Well thank you very very much pylon!
by this way the whole modulating takes around 44?s after all. Now we have a nice software defined FM transmitter for under 5$ that works perfect inside my room. However the project is not just that. AM modulation works really well by following this paper: http://www.analog.com/static/imported-files/application_notes/AN-423.pdf
There we have an excellent SSB exiter for radio frequencies up to 50mhz.

So what I need to concern now is the reciever part. I am thinking of this chip for FM recieving, http://www.discriminator.nl/ic/mc3362.pdf
which has also an FSK detector built-in.
And AM/SSB recieving is also simple with analog electronics.

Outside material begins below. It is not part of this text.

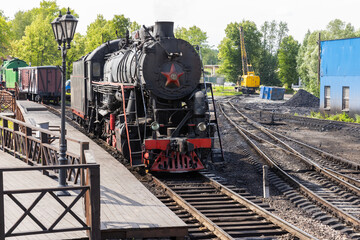 Retro passenger train with black steam locomotive from USSR times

Then processing the incoming signal with software might be an other matter.
I really need to thank you again for your time spent. You are helping me so much!

I see that 300µs is too long but I cannot see where that time is lost. The only idea I had was that a timer interrupt was handled during this calls but should also not last over a hundred microseconds. The hardware needs 10µs to shift out the bits. A few microseconds are lost in the calls to the library but the rest is identical to the parallel version (or should be).

I will try again the SPI interface but this time moving the function inside the loop. I think that the signing of the W[5] table and the unsigned long takes too much time for each function process. I will post back my findings.

I like your parallel programming very much, actually seeking for a clean
routine. Have a look at: http://qrz.com/db/PE1MXP
Have there also some DDS 9850 C++ software linked for beacon usage.